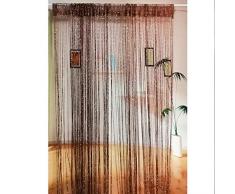 Deko-Fadenvorhang, 99,1 x 200,7 cm, Fransenpaneele, Raumteiler, Türen, Schränke, Wohnzimmer, Schlafzimmer, Fenster, Wand, ohne Perlen, dekorative Kristall-Vorhänge, 2 Packungen 39 inch x 79 inch braun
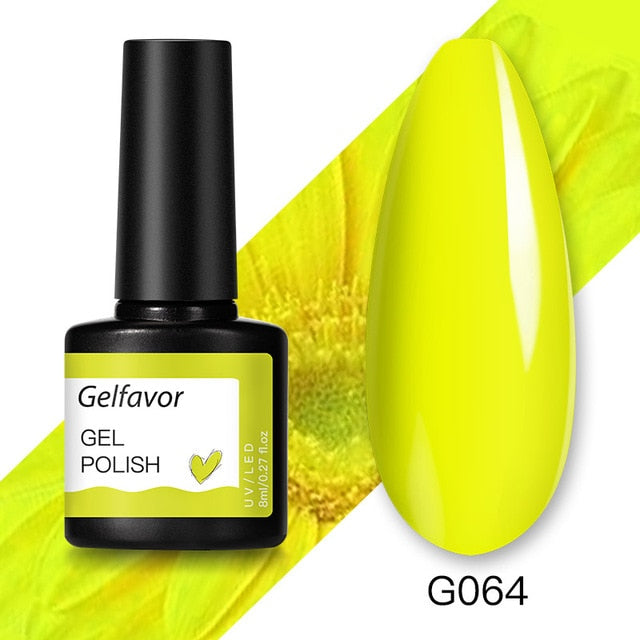 Gelfavor 8ml Gel Nail Polish Glitter For Manicure set nail art Semi platium UV LED Lamp Nail varnishes Base top coat Gel lacquer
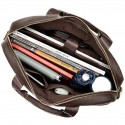 Men's Retro Leather Bag Handbags Laptop Bag Briefcase Top Handle Bag Nappa Leather Cowhide Zipper Daily Black Coffee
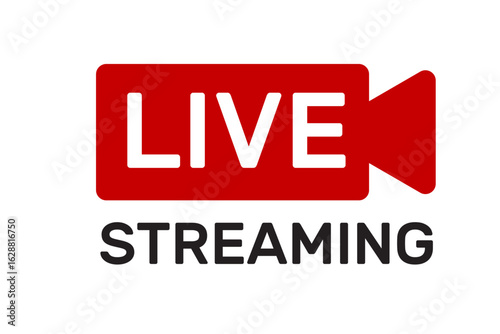 Live streaming icon with red video camera symbol and bold text for broadcast and online media content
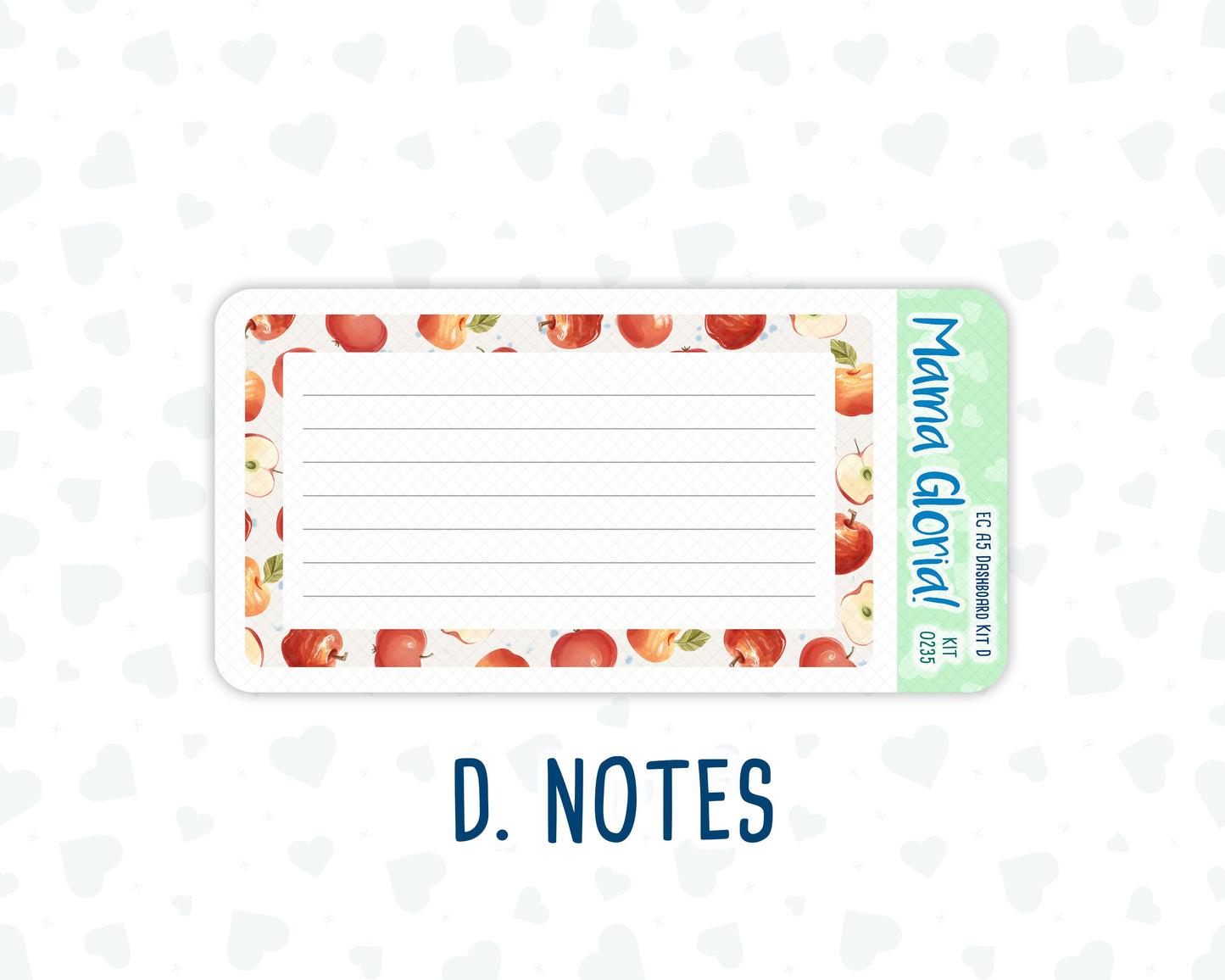 Kit 0235 - A5 - EC Notes Pages - September - Apple Orchard - Dashboard Kit | Productivity Page | 2024/2025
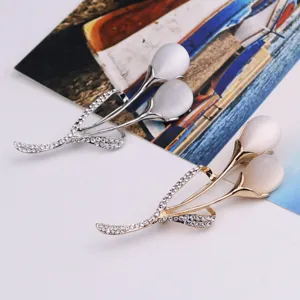 Elegante spilla a tulipano in pietra occhio di gatto strass brillanti gioielli floreali donna.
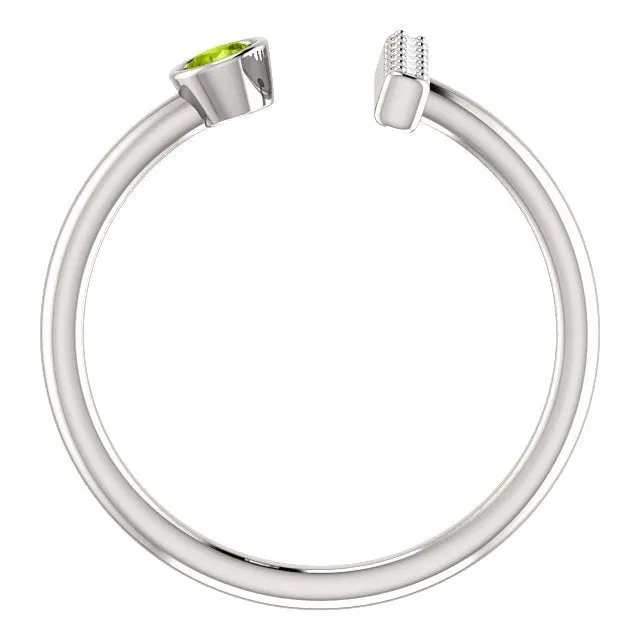 14KT GOLD .13 CT PERIDOT & .05 CTW DIAMOND BEZEL BAR RING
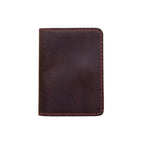 Dark Brown Leather Wallet - Hidden Magnetic Closure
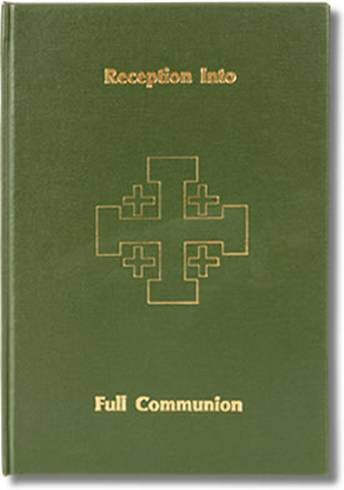 8 1/2" x 11" handsomely bound in green imitation leather. Front cover stamped in gold with a 4" Jerusalem Cross. Hardback, 50 pages. Space for 200 entries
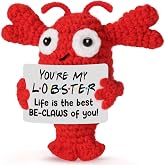 YUEYUQIU Funny Crochet Lobster Gifts for Boyfriend Grilfriend Her Him | Ideal Valentines Day Wedding Anniversary Christmas Birthday Gifts from Women Men Husband Wife - I Love You Gift for Couples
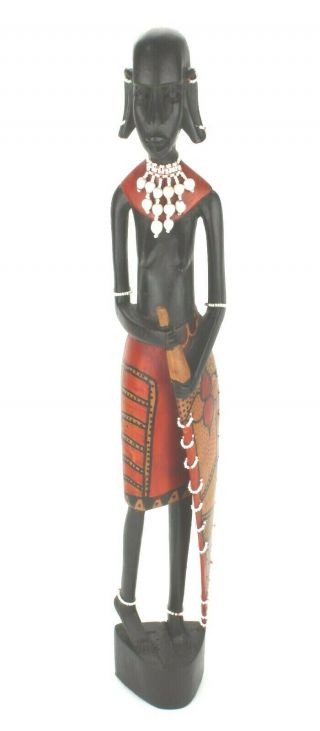 Tribal African Folk Art Wood Figure Statue Woman Beaded Red Hand Carved (625)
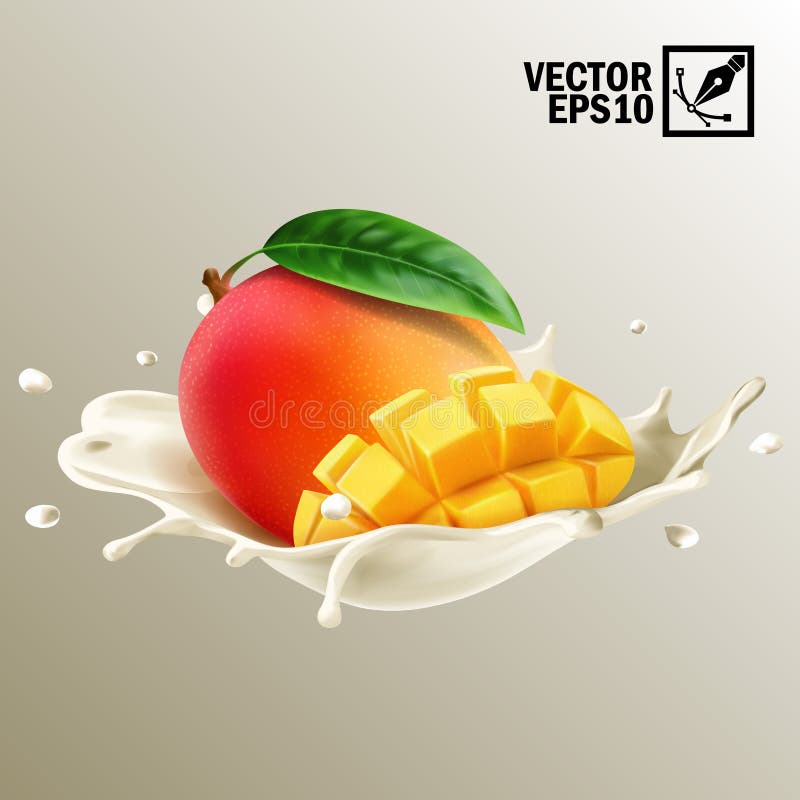 3d realistic isolated vector, splash milk or yogurt whole and slice of mango fruit, editable handmade mesh. Juice splash logo vectors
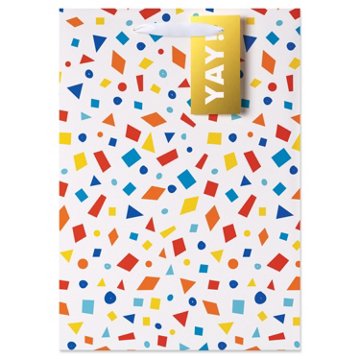 American Greetings Yay Confetti Medium White Gift Bag with Hang Tag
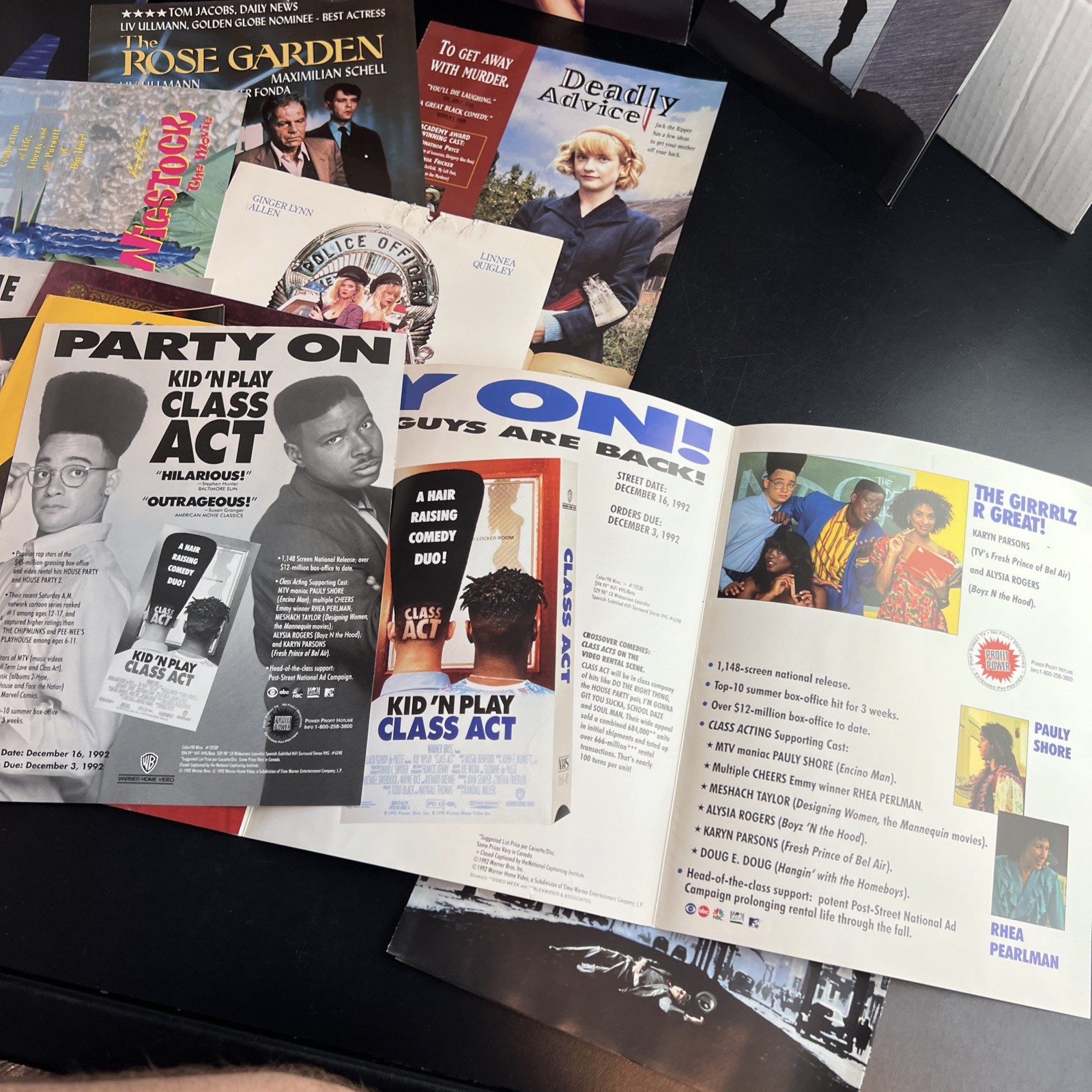 VTG Lot of Rental Movie Store Advertisement Brochures Order Sheets 1990’s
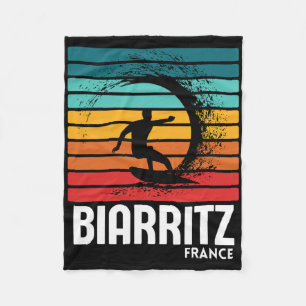 Surfen Biarritz Frankreich Strand Vintage Retro Su Fleecedecke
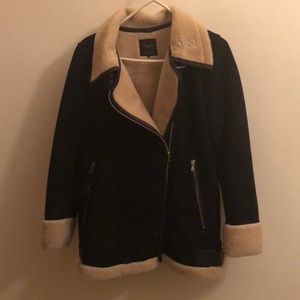 Zara black faux suede aviator jacket size Medium
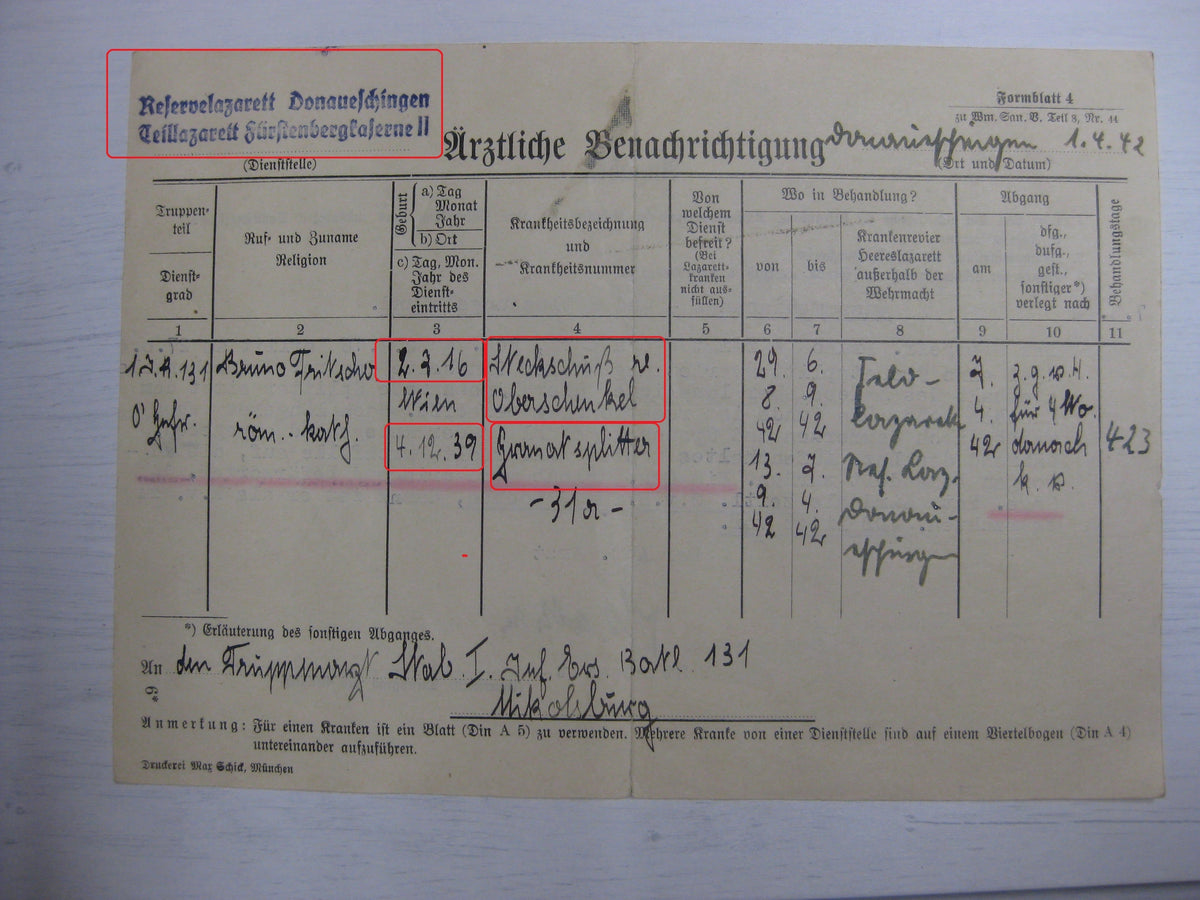 Besitzzeugnis Verleihungsurkunde Wehrmacht Russland Ostfront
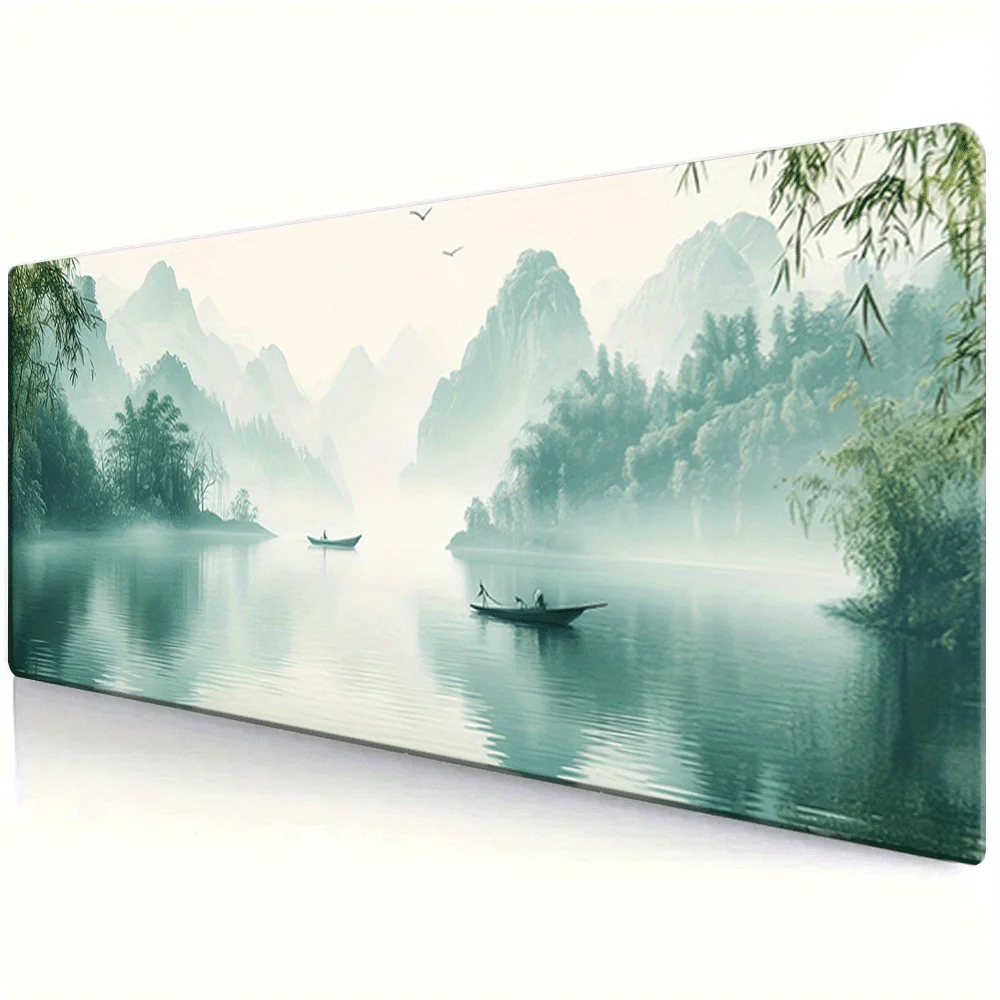 Extra-large Mouse Pad, A Small Boat Floating in the Middle of the Lake, Suitable for Computer and Laptop Gamers and Office Worke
__________
What the exercise asks:
Could you repeat, exactly, only the lines above starting at the one that has "Live streaming icon" and stopping after the one that has "14KT GOLD .13", without the pictures?

Solution:
 Live streaming icon with red video camera symbol and bold text for broadcast and online media content
 Kit 0235 - A5 - EC Notes Pages - September - Apple Orchard - Dashboard Kit | Productivity Page | 2024/2025
 Elegante spilla a tulipano in pietra occhio di gatto strass brillanti gioielli floreali donna.
 14KT GOLD .13 CT PERIDOT & .05 CTW DIAMOND BEZEL BAR RING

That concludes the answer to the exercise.